Le traité de Lisbonne peut permettre des avancées, en renforçant la cohérence de l’action extérieure autour du SEAE au profit de l’affirmation d’un rôle mondial de l’UE, en élargissant le champ des missions de l’Union et en améliorant la solidarité entre les Etats européens pour assurer leur défense et leur sécurité.

Pour relever tous ces défis, la France souhaite que le Conseil européen de décembre 2013 donne une nouvelle impulsion selon une démarche pragmatique qui doit être fondée sur :

  • une analyse transparente et lucide de la situation existante ;
  • une méthode, celle des avancées concrètes, en partant de l’amélioration des outils et des structures en place et en s’appuyant sur les possibilités de coopération qu’offrent les traités, sans s’interdire d’avancer à quelques-uns, une fois les objectifs clairement définis. A ce stade, la France souhaite porter un débat à 28 et définir des axes pour l’Union européenne.

Ce Conseil européen doit également être l’occasion de donner une impulsion à une industrie de défense européenne compétitive, facteur de croissance et d’autonomie stratégique, et notamment une coopération industrielle en matière de drones.

La mutualisation et la coopération sont également les voies réalistes en matière de développement capacitaire. "Nous sommes dans l’obligation de mutualiser, de partager, de trouver des points de cohérence si nous voulons conserver notre crédibilité, éviter un déclassement stratégique et rester capables d’assurer la sécurité de notre continent et de nos ressortissants", a déclaré Laurent Fabius le 11 juillet 2013 à l’Assemblée nationale.

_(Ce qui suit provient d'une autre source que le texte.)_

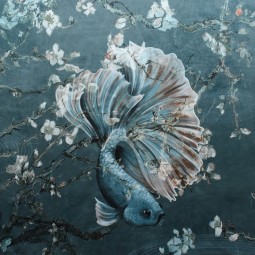 Carré velours - Poisson combattant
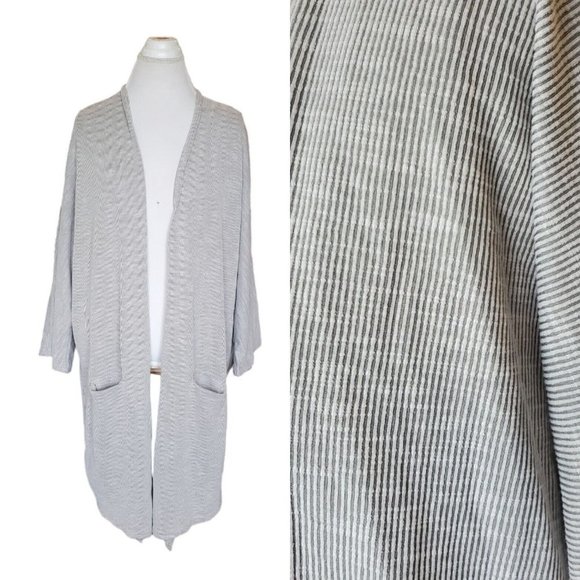 Anthropologie DONNI Ribbed Open Front Cardigan Jacket Duster‎ One Size Lagenlook - Picture 1 of 11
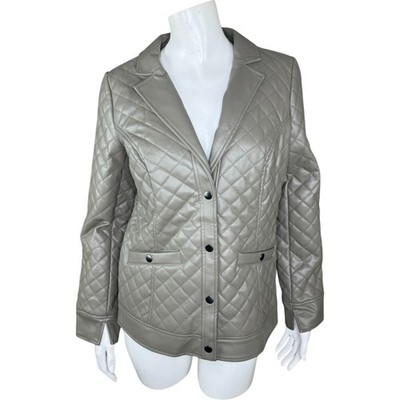 Denim & Co. Signature Quilted Faux Leather Blazer Jacket Women's Medium Olive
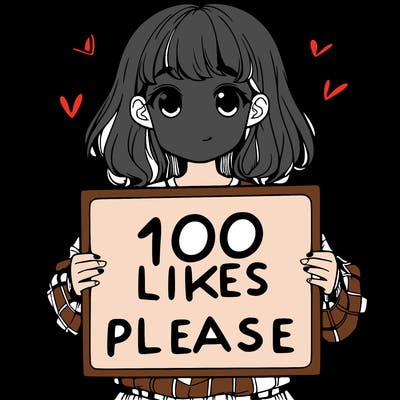 a girl holding a sign saying 100 likes please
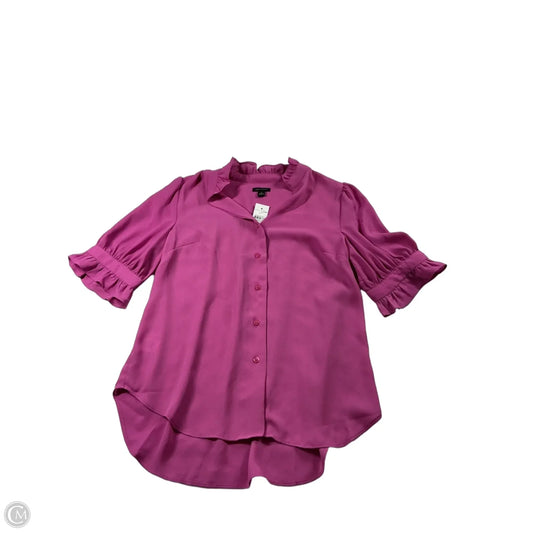 Blouse Short Sleeve By Ann Taylor In Purple, Size: Xs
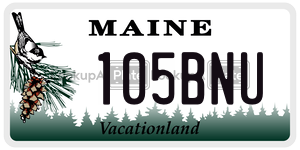 105BNU  license plate in ME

Les Européens doivent aussi relancer quelques grands programmes structurants en s’appuyant davantage sur l’Agence européenne de défense.

Par ailleurs, l’approche globale de l’Union doit pouvoir se matérialiser en articulant mieux les actions de développement et le volet de sécurité. Le Conseil européen pourrait insister sur la nécessité de réduire la distance entre développement et sécurité, en prévoyant dans les programmes d’aide au développement des actions qui concourent au renforcement de la sécurité.

Enfin, en parallèle de ces coopérations et avancées concrètes, la France appelle de ses voeux des progrès dans la définition des priorités de l’Union en matière de défense et de sécurité, par exemple dans les domaines de la cyber-sécurité, de la surveillance des frontières et de la stabilisation post-conflit.